:: TASK PROMPT ::
In the records below, find the line that holds "Laguna San Francisco". Restate it and every later line exactly, stopping at the end and skipping pictures.

:: RECORDS SHOWN ::

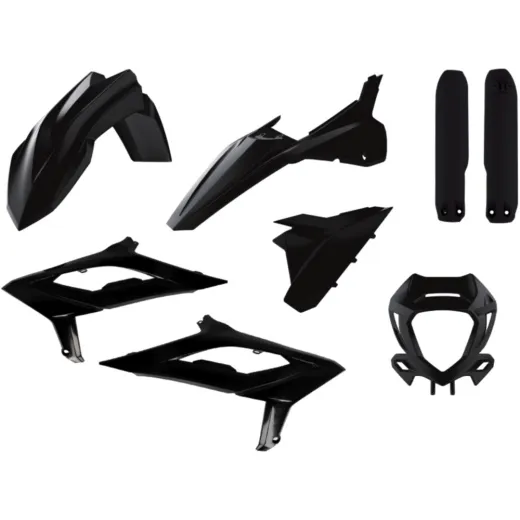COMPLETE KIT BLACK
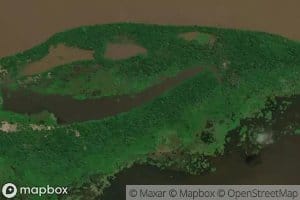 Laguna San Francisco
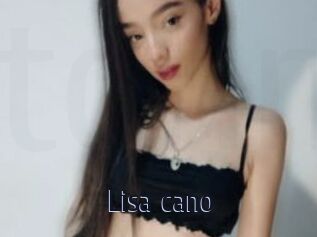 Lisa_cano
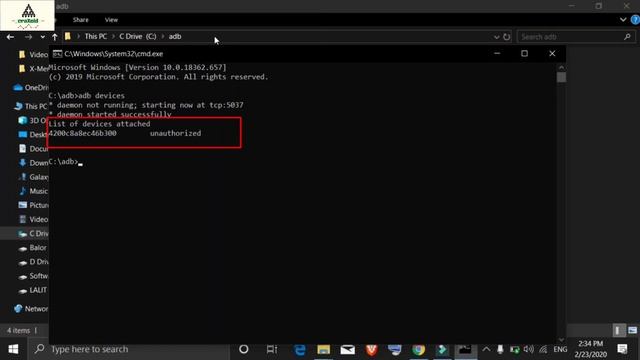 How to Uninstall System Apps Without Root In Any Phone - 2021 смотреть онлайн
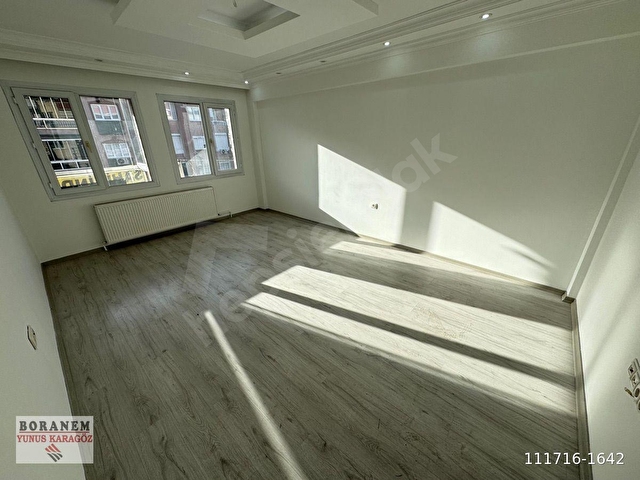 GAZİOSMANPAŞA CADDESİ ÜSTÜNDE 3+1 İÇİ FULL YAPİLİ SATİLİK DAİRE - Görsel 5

:: WRITTEN ANSWER ::
 Laguna San Francisco
 Lisa_cano
 How to Uninstall System Apps Without Root In Any Phone - 2021 смотреть онлайн
 GAZİOSMANPAŞA CADDESİ ÜSTÜNDE 3+1 İÇİ FULL YAPİLİ SATİLİK DAİRE - Görsel 5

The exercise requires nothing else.